A GALA RAISED $6.7 MILLION TO CELEBRATE HER ICON STATUS, BUT DOLLY PARTON ENDED THE NIGHT BY SINGING THE ONLY SONG THAT MATTERED: THE ONE THAT SAVED HER. On February 8, 2019, the Los Angeles Convention Center was filled with the biggest names in music. They were there to honor Dolly Parton as the first country artist ever named MusiCares Person of the Year. The room was packed with stars who had spent the night covering her greatest hits. Katy Perry and Kacey Musgraves had tackled the pop-crossover magic of “Here You Come Again,” while Garth Brooks and Trisha Yearwood had leaned into the heartbreak of “Old Flames Can’t Hold a Candle to You.” By any metric, it was the crowning achievement of a life spent building an empire—including the Imagination Library, which had already put 100 million books into the hands of children who needed them. But when it came time for the final performance, Dolly didn’t choose the chart-toppers that made her a household name. She didn’t pick “9 to 5” or “I Will Always Love You.” Instead, she stepped beside Linda Perry and performed “Coat of Many Colors.” For Dolly, that wasn’t just a song—it was the map of who she was before the world knew her name. In an era of rhinestones, massive record sales, and global philanthropy, she went back to a story about a girl in the Smoky Mountains who was too poor to buy a coat, so her mother sewed one for her out of rags. She went back to the moment she learned that being “rich” didn’t have anything to do with money. She called it “the song that got me here” because it was the moment she stopped being afraid of her own story. By singing it on the biggest stage of her life, she was reminding herself—and the world—that the foundation of her success wasn’t the fame or the money raised that night. It was the love of a mother who could turn rags into something beautiful, and a girl who had the guts to wear it with pride.

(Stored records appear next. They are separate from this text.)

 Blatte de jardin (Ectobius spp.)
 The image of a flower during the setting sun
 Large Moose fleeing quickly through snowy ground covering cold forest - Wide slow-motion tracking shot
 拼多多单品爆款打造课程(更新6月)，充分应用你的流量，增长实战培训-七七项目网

The Song Dolly Parton Chose to End Her MusiCares Night

On February 8, 2019, Los Angeles gave Dolly Parton a tribute fit for a legend. The  MusiCares Person of the Year gala, held at the Los Angeles Convention Center, honored Dolly Parton as the first  country artist ever chosen for the award. The night drew an all-star crowd, celebrated her career, and helped raise more than $6.7 million for music people in need. But the moment that stayed with many fans was not the biggest hit, not the biggest chorus, and not the most obvious crowd-pleaser. Dolly Parton ended the night with a deeply personal choice: “Coat of Many Colors.”

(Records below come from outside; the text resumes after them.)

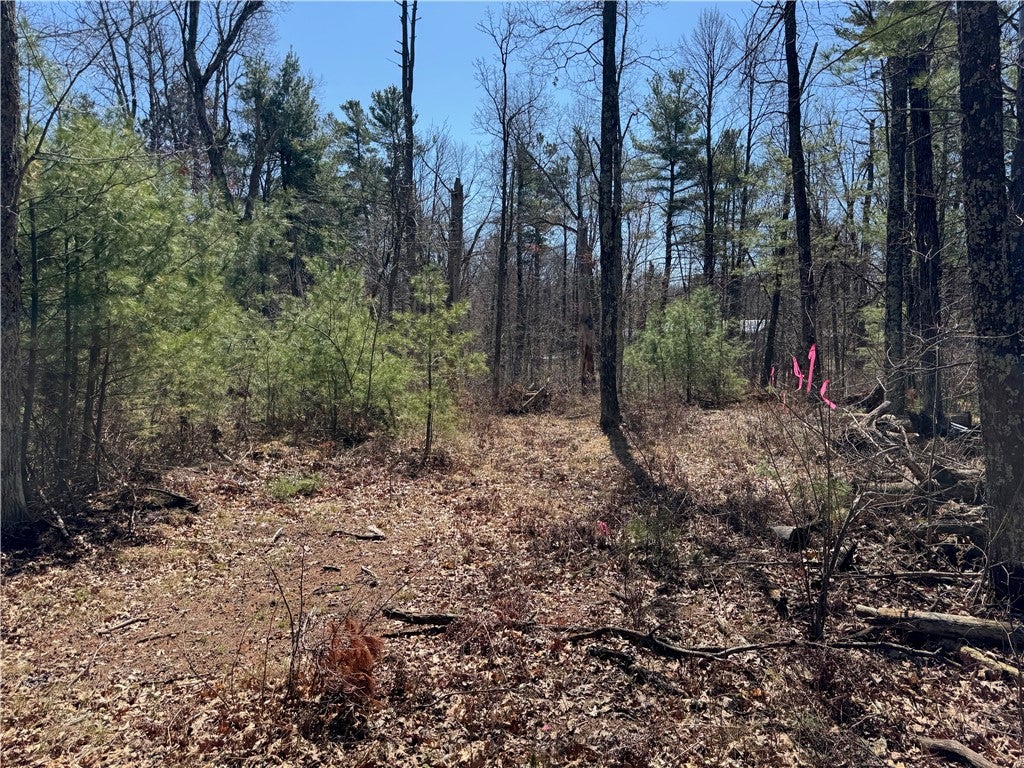 Lot 1 Gurno Lake Road Hayward, WI 54843 - Photo 16 of 29 Gallery Image 16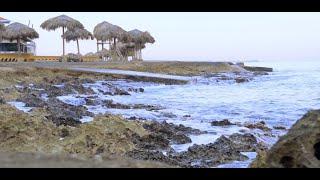 EL MAR Y NOSOTROS (Video oficial)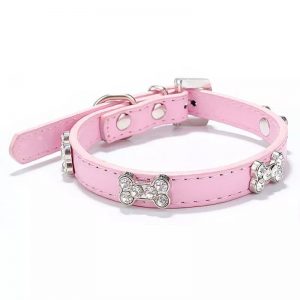 Collar talla XS para mascotas
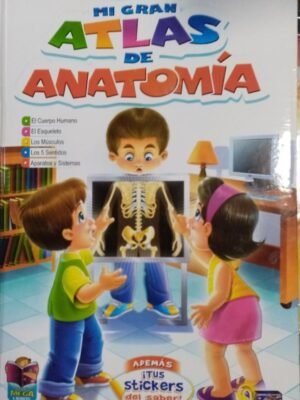 Atlas de anatomía - A3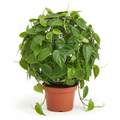Philodendron Scandens Green Wire Ball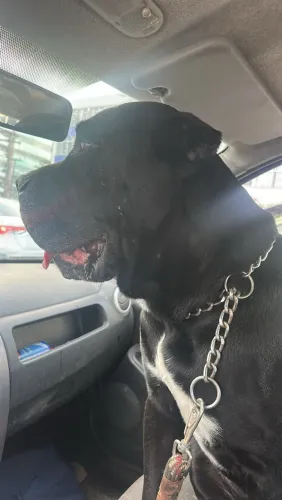 Filhotes de Cane Corso pedigree Cbkc 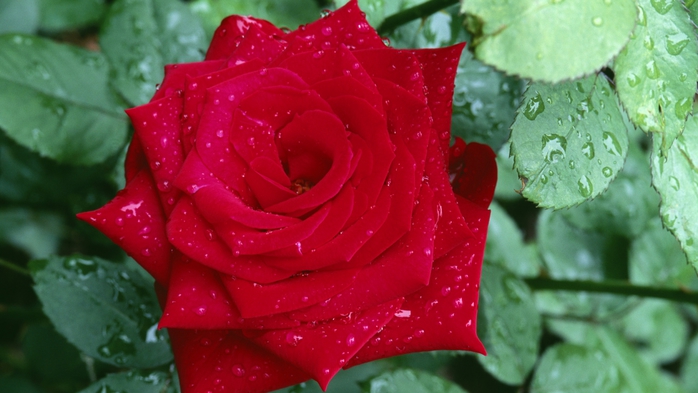 5291141_Red_Rose_With_Water_Drops (700x393, 200Kb)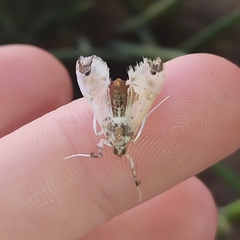 Neoleucinodes elegantalis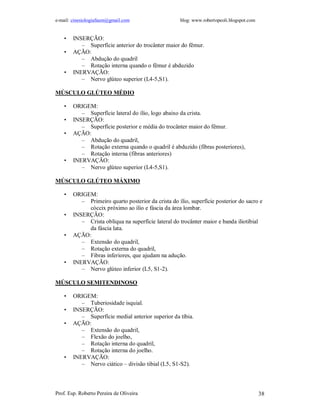 e-mail: cinesiologiafaum@gmail.com                   blog: www.robertopeoli.blogspot.com


    •   INSERÇÃO:
           – Superfície anterior do trocânter maior do fêmur.
    •   AÇÃO:
           – Abdução do quadril
           – Rotação interna quando o fêmur é abduzido
    •   INERVAÇÃO:
           – Nervo glúteo superior (L4-5,S1).

MÚSCULO GLÚTEO MÉDIO

    •   ORIGEM:
           – Superfície lateral do ílio, logo abaixo da crista.
    •   INSERÇÃO:
           – Superfície posterior e média do trocânter maior do fêmur.
    •   AÇÃO:
           – Abdução do quadril,
           – Rotação externa quando o quadril é abduzido (fibras posteriores),
           – Rotação interna (fibras anteriores)
    •   INERVAÇÃO:
           – Nervo glúteo superior (L4-5,S1).

MÚSCULO GLÚTEO MÁXIMO

    •   ORIGEM:
           – Primeiro quarto posterior da crista do ílio, superfície posterior do sacro e
             cóccix próximo ao ílio e fáscia da área lombar.
    •   INSERÇÃO:
           – Crista oblíqua na superfície lateral do trocânter maior e banda iliotibial
             da fáscia lata.
    •   AÇÃO:
           – Extensão do quadril,
           – Rotação externa do quadril,
           – Fibras inferiores, que ajudam na adução.
    •   INERVAÇÃO:
           – Nervo glúteo inferior (L5, S1-2).

MÚSCULO SEMITENDINOSO

    •   ORIGEM:
           – Tuberiosidade isquial.
    •   INSERÇÃO:
           – Superfície medial anterior superior da tíbia.
    •   AÇÃO:
           – Extensão do quadril,
           – Flexão do joelho,
           – Rotação interna do quadril,
           – Rotação interna do joelho.
    •   INERVAÇÃO:
           – Nervo ciático – divisão tibial (L5, S1-S2).



Prof. Esp. Roberto Pereira de Oliveira                                                     38
 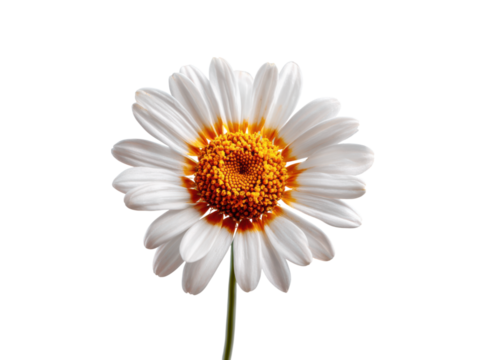 White daisy with orange center isolated on black flower yellow, Isolated, Png Transparent Background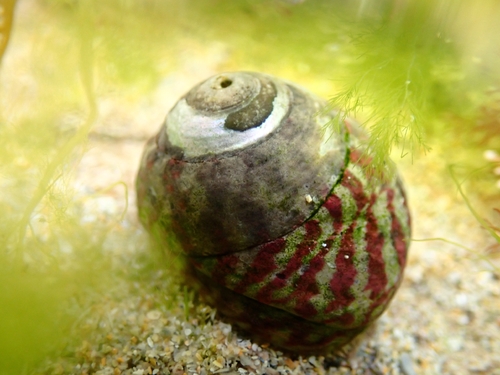 Steromphala umbilicalis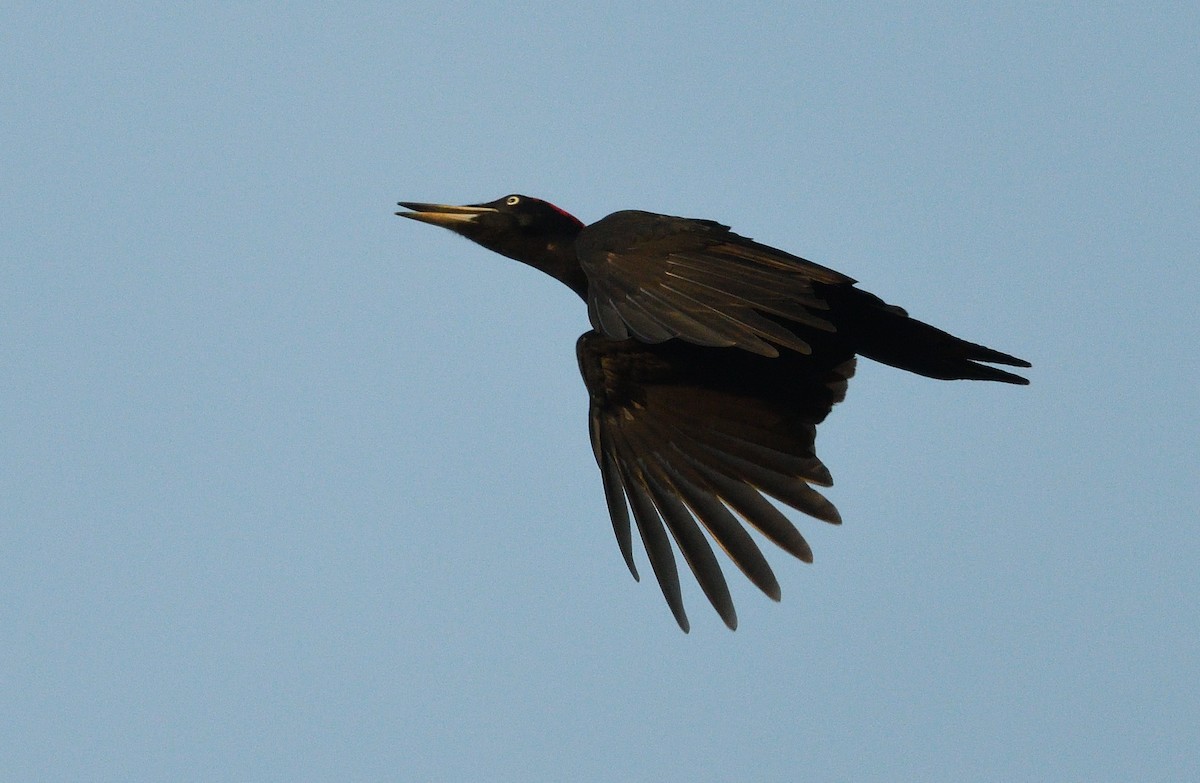 Black Woodpecker - ML646516255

The evening had already become a love letter to Dolly Parton’s life and work. Katy Perry and Kacey Musgraves performed “Here You Come Again.” Garth Brooks and Trisha Yearwood shared “Old Flames Can’t Hold a Candle to You.” Willie Nelson was among the artists who helped fill the room with warmth and respect. Around the event, Dolly Parton’s Imagination Library was celebrated too, having sent more than 100 million books to children by that time. The tribute was not only about fame; it was about the long road behind the songs.

Then came Dolly Parton’s own turn. After her acceptance speech, she stepped beside Linda Perry and chose the song she described as “the song that got me here.” That phrase matters, because it points back to a place long before awards, television specials, and rhinestones. “Coat of Many Colors” was not just a hit. It was a memory, a family story, and a statement about where Dolly Parton came from. In that room full of stars, she did not close with the loudest anthem. She closed with the song that still carried her childhood inside it.

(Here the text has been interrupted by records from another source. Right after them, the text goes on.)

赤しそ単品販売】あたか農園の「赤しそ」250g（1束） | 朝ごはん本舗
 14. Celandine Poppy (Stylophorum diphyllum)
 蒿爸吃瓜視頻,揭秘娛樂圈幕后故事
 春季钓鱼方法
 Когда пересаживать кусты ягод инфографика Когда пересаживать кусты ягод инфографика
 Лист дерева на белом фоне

That is what made the ending feel so human. Dolly Parton has spent a lifetime turning personal truth into music that millions can recognize as their own. On that night, she reminded everyone that her biggest strength has never been spectacle alone. It has been honesty. By returning to “Coat of Many Colors,” Dolly Parton chose gratitude over glitter, memory over momentum, and origin over image. It was a quiet decision, but it said everything.

The night honored what Dolly Parton became, but the final song honored where Dolly Parton began.

That is why the finale resonated. In a room celebrating success, Dolly Parton chose the song that told the story underneath it all.